Mandou um comentário. Quando se opera em sintonia com o desejo – coisas acontecem. Para o bem e para o mal.
Ela não se conteve. Riu. E fez também o que sempre fez. Quando diante de algum susto. Chistes por cima da interpretação. O desejo não era esse. Nunca foi esse. Deve ser o desejo do Banco. Com esta atividade é que se pagam contas. E enviou.
Aí compreendeu. Como se afastara do processo.
Há muito virara falsa pragmática. Passava aos atos. Se deu conta. E riu de novo deste pensamento. Não havia como fugir do mestre austríaco. E pensar que até o citou no tal chiste. Assim. Com total alheamento.
Recebeu de volta nova resposta. E aí enxergou o hiato. Como se aí tivesse acordado. Exagerada como sempre – abrira os olhos. Riu de novo.
Ele foi incisivo. Quase mortal. Não me referi à atividade profissional. Pensava que o desejo era o olhar do outro. Ai tanto faz – o sucesso vem. Porque exatamente se opera em sintonia com o desejo. Repetiu. Procede. Senão se entende de uma vez – quem sabe de duas dá certo. Depois de tanto tempo longe do pensamento analítico – tem mesmo que repetir. Até desenhar.

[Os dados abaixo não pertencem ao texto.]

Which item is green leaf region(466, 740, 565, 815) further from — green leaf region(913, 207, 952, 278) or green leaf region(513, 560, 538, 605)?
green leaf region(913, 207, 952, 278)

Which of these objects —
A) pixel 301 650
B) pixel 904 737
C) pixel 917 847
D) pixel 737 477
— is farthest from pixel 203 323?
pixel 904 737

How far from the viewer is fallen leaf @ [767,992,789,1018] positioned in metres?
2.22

Foi difícil seguir a rotina.
Ela queria poder – dupla sempre também desejada. Mas desejou um tempo paradinha. Sem solicitações outras. Sem trabalho braçal. Queria na realidade o ócio. Um momento de entrega aos próprios pensamentos. Esta a vontade real naquele momento.
Sentar sozinha e pensar. Em algum cantinho. De preferência diante do mar. Sob o luar. Com os pés descalços. Tocando a areia. Passando as mãos pelos cabelos. Recostando. Quase se arrepiou. Sabia que estava – mais uma vez - fazendo o habitual. Se desconcentrando do objetivo. Já estava agora fazendo turismo. Até riu.

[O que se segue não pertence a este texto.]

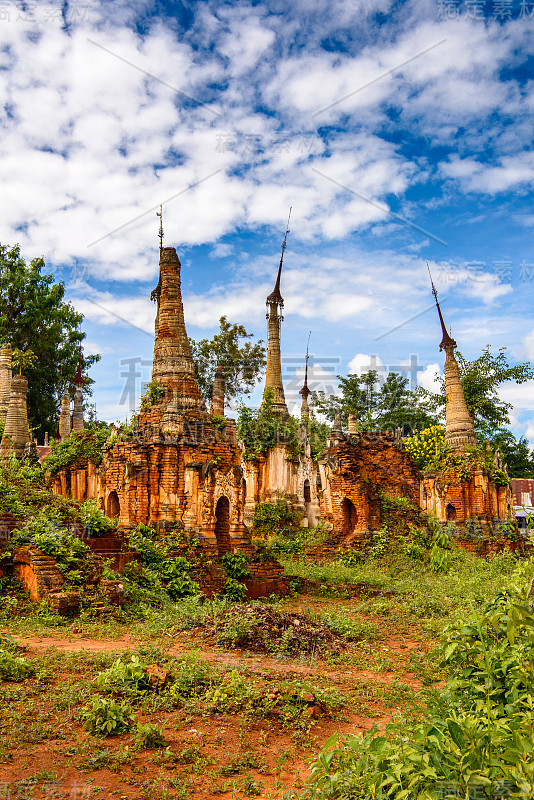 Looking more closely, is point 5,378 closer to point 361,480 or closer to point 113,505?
point 113,505

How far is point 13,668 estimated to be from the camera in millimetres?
6172

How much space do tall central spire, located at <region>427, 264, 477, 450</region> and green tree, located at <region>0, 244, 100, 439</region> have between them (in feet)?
78.7

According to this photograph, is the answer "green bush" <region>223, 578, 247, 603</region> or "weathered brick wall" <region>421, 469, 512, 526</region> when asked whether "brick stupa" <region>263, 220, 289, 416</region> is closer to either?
"weathered brick wall" <region>421, 469, 512, 526</region>

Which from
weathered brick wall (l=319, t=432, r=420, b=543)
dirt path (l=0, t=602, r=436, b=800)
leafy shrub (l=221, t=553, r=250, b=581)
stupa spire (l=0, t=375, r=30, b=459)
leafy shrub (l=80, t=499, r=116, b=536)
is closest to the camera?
dirt path (l=0, t=602, r=436, b=800)

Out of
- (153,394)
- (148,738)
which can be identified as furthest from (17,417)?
(148,738)

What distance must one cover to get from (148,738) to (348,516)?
15.1 meters

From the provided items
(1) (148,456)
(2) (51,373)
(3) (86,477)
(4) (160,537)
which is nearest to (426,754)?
(4) (160,537)

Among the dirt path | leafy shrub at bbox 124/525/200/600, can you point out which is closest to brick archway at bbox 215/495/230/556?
leafy shrub at bbox 124/525/200/600

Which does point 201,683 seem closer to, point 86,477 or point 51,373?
point 86,477

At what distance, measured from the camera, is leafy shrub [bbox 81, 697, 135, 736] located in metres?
5.09

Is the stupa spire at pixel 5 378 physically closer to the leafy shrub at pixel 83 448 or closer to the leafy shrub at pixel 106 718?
the leafy shrub at pixel 83 448

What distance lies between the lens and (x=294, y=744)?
523 centimetres

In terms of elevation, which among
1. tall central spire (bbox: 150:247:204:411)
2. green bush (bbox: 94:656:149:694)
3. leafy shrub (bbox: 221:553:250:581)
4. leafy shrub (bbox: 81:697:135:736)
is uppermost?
tall central spire (bbox: 150:247:204:411)

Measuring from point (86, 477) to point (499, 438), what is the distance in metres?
25.4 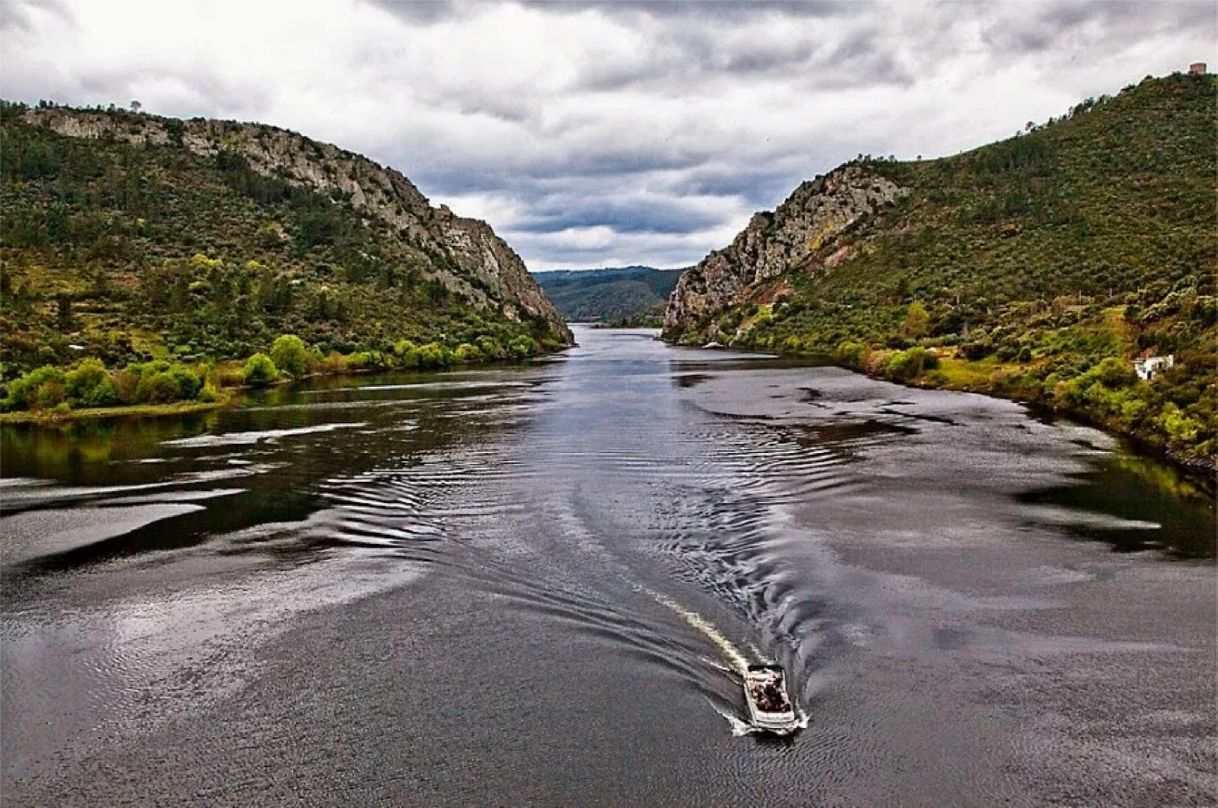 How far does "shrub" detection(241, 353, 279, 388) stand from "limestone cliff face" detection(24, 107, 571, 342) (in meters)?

A avó da amiga sempre dizia. Não existe vitória contra o próprio estilo, menina, não existe vitória contra o próprio estilo. É verdade.
Mas enfim.
Ligar os dois sustos. Concluir porque um fato ficou ligado ao outro - no pensamento dela. Como se um fio condutor tivesse surgido. Muito mais de semelhanças do que de diferenças. Até pensou que poderia ser pelo contrário. Mas não se sentiu segura. Algo a fazia cobrar uma elaboração.
A resposta parecia uma só. O olhar.
Lembrou de tantos olhares. Há os contraditórios. Os perspicazes. Os sorrateiros. Os defensivos. Os criadores. Até aquele famoso – oblíquo e dissimulado. Não faltou listagem qualificativa.
Mesmo sem mar e sem luar – optou por uma conclusão. Um pouco selvagem. Sem muito amparo teórico. E muito menos - prático. Não uma simbolização. Mas uma conclusão.
A união dos tais sustos era no olhar. Mas pelas diferenças. Por um fator bem simples. Para se entender um olhar – é preciso olhar.
E nisso estavam ligadas ao oposto. Uma prescindia do olhar do outro.
Bastava-lhe um espelho. A outra precisava do olhar alheio. Servia-lhe como um espelho.
Falaria sobre isso com ele. Algum dia.